[Groneman, Albert]
GRONEMAN (Albert), ook wel Groeneman, geb. te Keulen in 1710, overl. te 's Gravenhage (?) 6 Mei 1760, werd 15 Febr. 1732 in het leidsche album studiosorum ingeschreven. In 1736 werkte hij mede bij de feestviering ter herdenking van het 100-jarig bestaan der universiteit van Utrecht aldaar; drie jaar later (1739) is hij nog te Leiden bekend als een zeer bekwaam violist, wiens spel gelijkwaardig is aan dat van Locatelli. In den zomer van 1749 was hij muziekdirecteur van de publieke concerten die in de nieuwe Vauxhall aan den Scheveningschen Weg gegeven werden. Het volgend jaar (1750) werd hij aangesteld tot organist en klokkenist van de Groote Kerk te 's Gravenhage. In 1758 krankzinnig geworden, overleed hij 6 Mei 1760. 26 April 1756 werd door de auctionarissen C. Boucquet en M. Gaillard te 's Gravenhage geveild de beroemde clavecimbel van Johannes Rukkers en een partij moderne muziek van hem afkomstig (adv. Opr. Haarl. Cour. 10 Maart, 22 April 1756). Documenteel of authentiek is mij van hem bekend: XII Sonate a violino solo e basso opera prima (Amst. G.F. Witvogel); Sei sonate à due flauti traversieri e basso o violini opera seconda (Amst. J.J. Hummel).

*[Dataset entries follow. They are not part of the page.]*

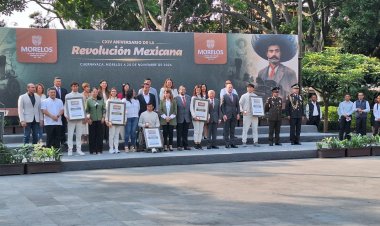 Encabezó la gobernadora izamiento de bandera por aniversario revolucionario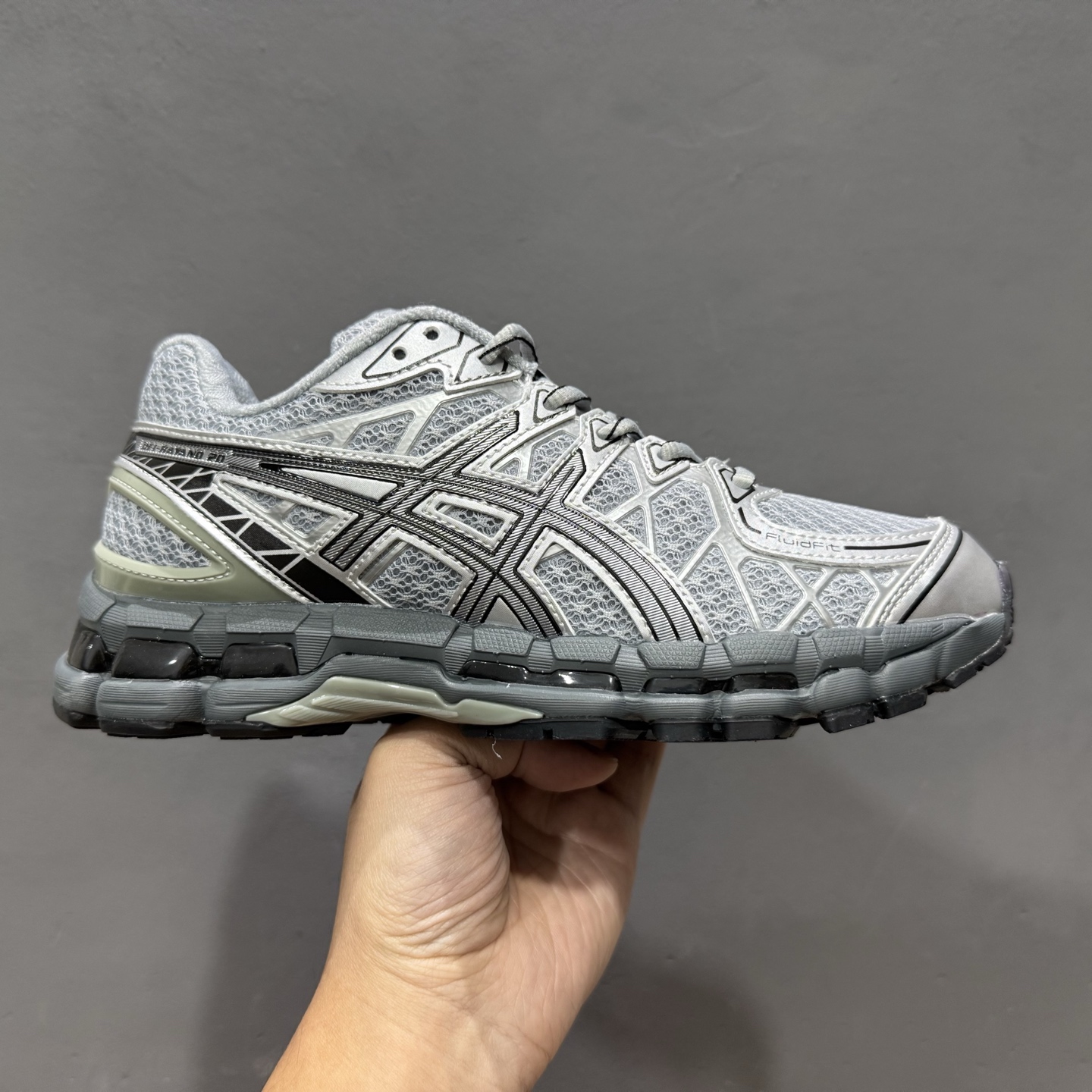 ASICS/亚瑟士GEL-NYC透气网眼鞋面配合部分合成革材质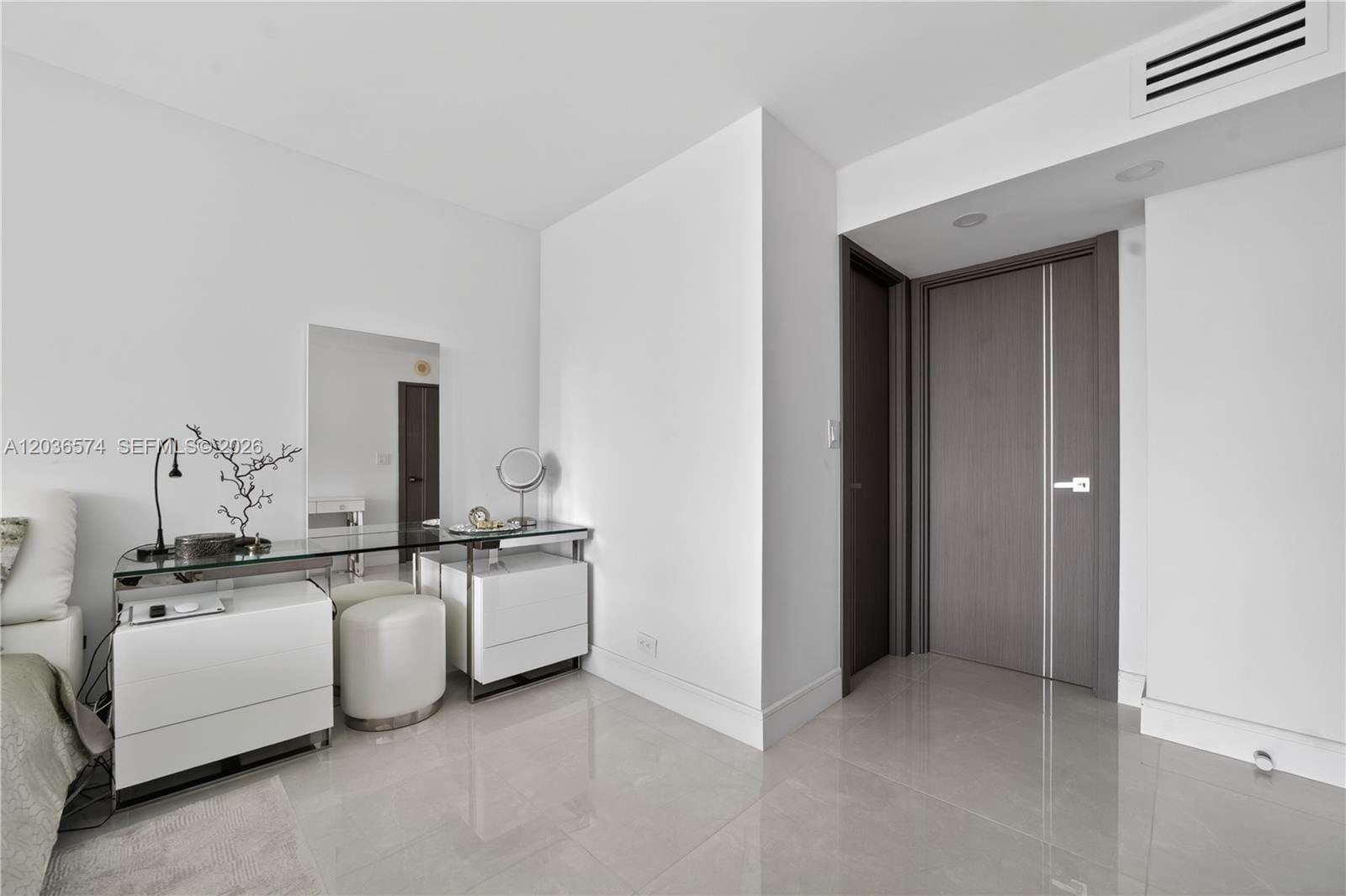 231 174th Street 818, Sunny Isles Beach, FL 33160 photo 29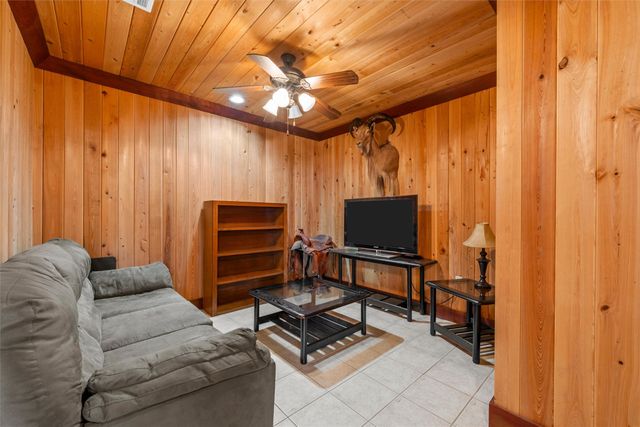 501 N Davis Street, West, TX 76691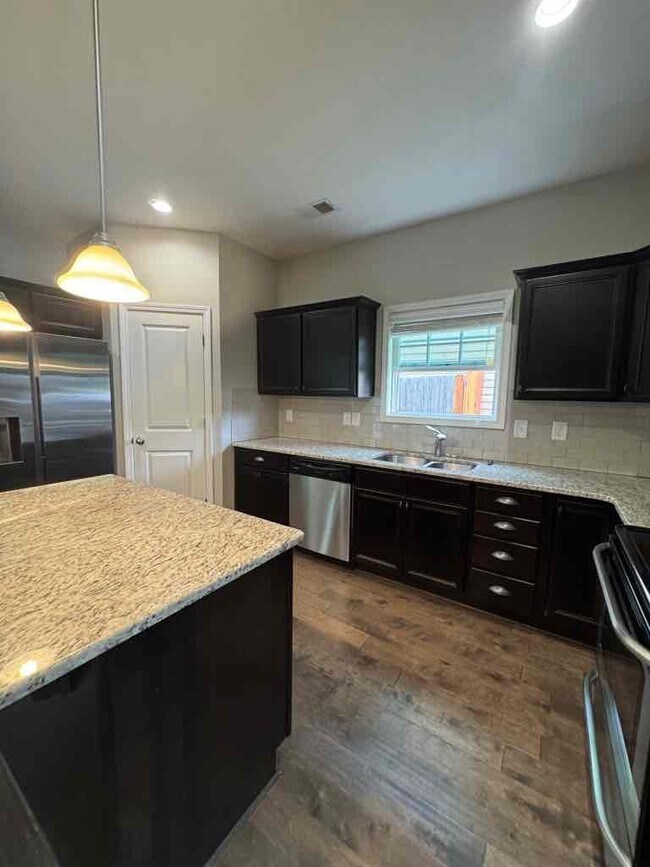 Building Photo - 257 Cliffhaven Cir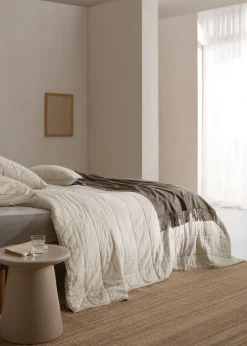 MANGO Kapy*Narzuta bawełniana pikowana 130/150 cm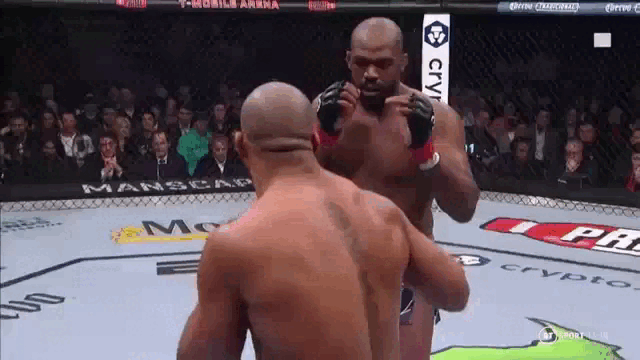 Джон Джонс финиширует Сирила Гана и выигрывает чемпионский пояс UFC во второй для себя весовой категории 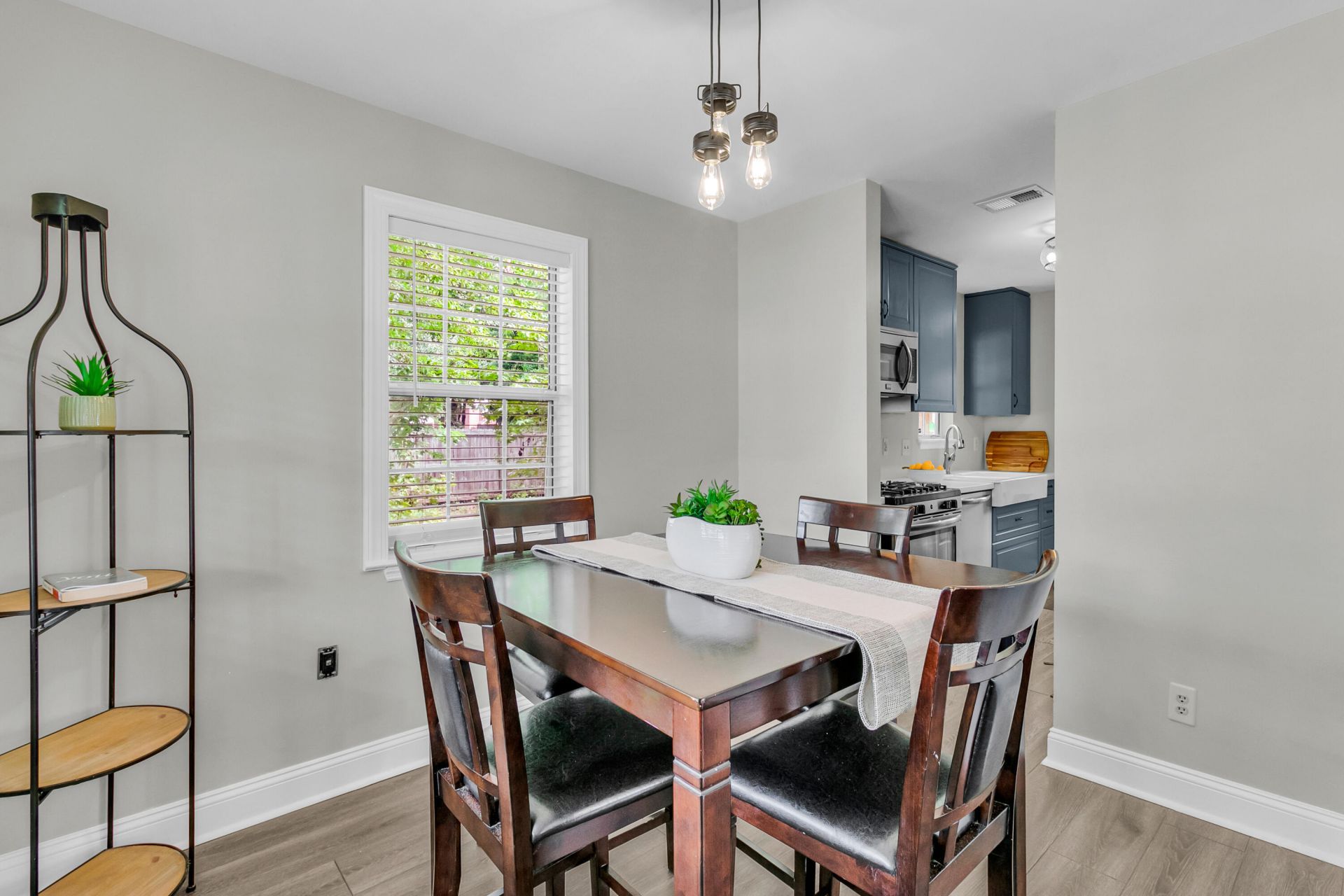 42 Woodleaf Court Photo 20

Zie: Bouwsteenen, reg.; Mendel, Musikalisches Conversations-Lexikon IV (1880) 389; van Riemsdijk, Het Stadsmuziekcollegie te Utrecht 60; Eitner, Quellen- Lexikon IV (1901) 382; Alg. nederl. Familieblad XII (1895) 38; Tijdschr. muziekgesch. VII (1904) 281 vlg.; VIII (1908) 152; Cat. der muziekbibliotheek van D.F. Scheurleer III, 135; Scheurleer, Het muziekleven 54 vlg.